I came back to Cartagena to see how my friends were doing. I ended up taking out two of the boxers during the Queen of Cartagena festival. Naturally, I paid for everything, as most days, the fighters can't even afford bus fare to the gym. It was then it really hit me how much of a privilege partying was. It hurt to have friends you really liked but couldn't see due to financial restrictions. I had a blast that night and the six previous nights in Medellín, but it wasn't free. These things cost money. The things travelers seek and do are luxuries. But I can't blame them for enjoying it. Hell, I do as much as anyone else would. I just wish people would acknowledge it more often.

Thursday, November 13, 2008

Please Note

That the country spelled with two O's.

Friday, November 7, 2008

Lesson Learned

It took me 24 years and 7 months to learn this. A little bit overdue but hey, better late than never right?

Sunday, November 2, 2008

Still Confused

One of the hardest things I've found is how I constantly have to eat my own words. "Sit down and talk with people, share a few laughs, dance a few songs, hug each other." Yeah right. Do that in Cartagena and you'll be relieved of whatever valuables you have in your pockets. Things here have turned me cold, but at the same time a bit wiser. Although sometimes I feel too cold, a tainted perception, a loss of compassion.

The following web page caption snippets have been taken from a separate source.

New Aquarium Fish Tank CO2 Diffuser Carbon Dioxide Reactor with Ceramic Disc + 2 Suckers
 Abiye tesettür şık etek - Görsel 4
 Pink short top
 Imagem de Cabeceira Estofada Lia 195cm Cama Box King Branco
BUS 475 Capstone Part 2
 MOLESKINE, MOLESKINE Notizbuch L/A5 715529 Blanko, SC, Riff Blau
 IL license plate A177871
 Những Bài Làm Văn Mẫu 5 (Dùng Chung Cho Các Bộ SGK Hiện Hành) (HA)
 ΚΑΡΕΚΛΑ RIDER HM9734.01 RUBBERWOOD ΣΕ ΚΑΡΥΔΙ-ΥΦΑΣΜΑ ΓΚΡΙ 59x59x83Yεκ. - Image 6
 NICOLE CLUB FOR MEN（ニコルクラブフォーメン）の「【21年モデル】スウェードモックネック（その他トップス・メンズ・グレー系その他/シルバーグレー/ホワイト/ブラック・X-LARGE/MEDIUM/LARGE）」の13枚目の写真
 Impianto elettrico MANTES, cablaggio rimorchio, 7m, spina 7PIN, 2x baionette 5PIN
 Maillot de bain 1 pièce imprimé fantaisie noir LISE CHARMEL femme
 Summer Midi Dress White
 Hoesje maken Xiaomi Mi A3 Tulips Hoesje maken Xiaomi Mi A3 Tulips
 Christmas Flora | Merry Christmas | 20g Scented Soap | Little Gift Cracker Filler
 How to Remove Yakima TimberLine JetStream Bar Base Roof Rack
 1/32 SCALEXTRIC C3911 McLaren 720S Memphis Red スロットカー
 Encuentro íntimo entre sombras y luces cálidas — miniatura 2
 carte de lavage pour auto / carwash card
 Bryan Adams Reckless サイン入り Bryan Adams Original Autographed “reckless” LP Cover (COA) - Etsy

They tell me, "don't ever give money, if you give something, give food. And if you give food, rip it in half so they can't resell it for money". One kid, a clear drug addict, walks around shirtless, shoeless and has some optical deficiancy where he can't open one eye. He always asks for food, money, something for me to give him. At this point, I've been numb to these requests, even if they really need it. I just ignore them, sometimes I even get angry.

The last time I adamently said "no", he started talking to me afterwards and asked whether I was in the movie "You Got Served". According to him, I favored one of the dancers. I told him I used to bboy. With a sudden excitement he recalled how he always wanted to learn, in fact he was still trying, but with a somber, almost apologetic tone, explained that he just couldn't, find time to practice.

After a few seconds of what seemed like a silent comprehension of the distance between his dreams and his reality, he said to me, "Pero bueno. Que bueno que puedes practicar. Eso es una cosa buena" (But good. How great that you can practice. That is a good thing). Then before he walked away, he patted me on the back, smiled and gave me a thumbs up. Maybe he wasn't such a bad guy afterall.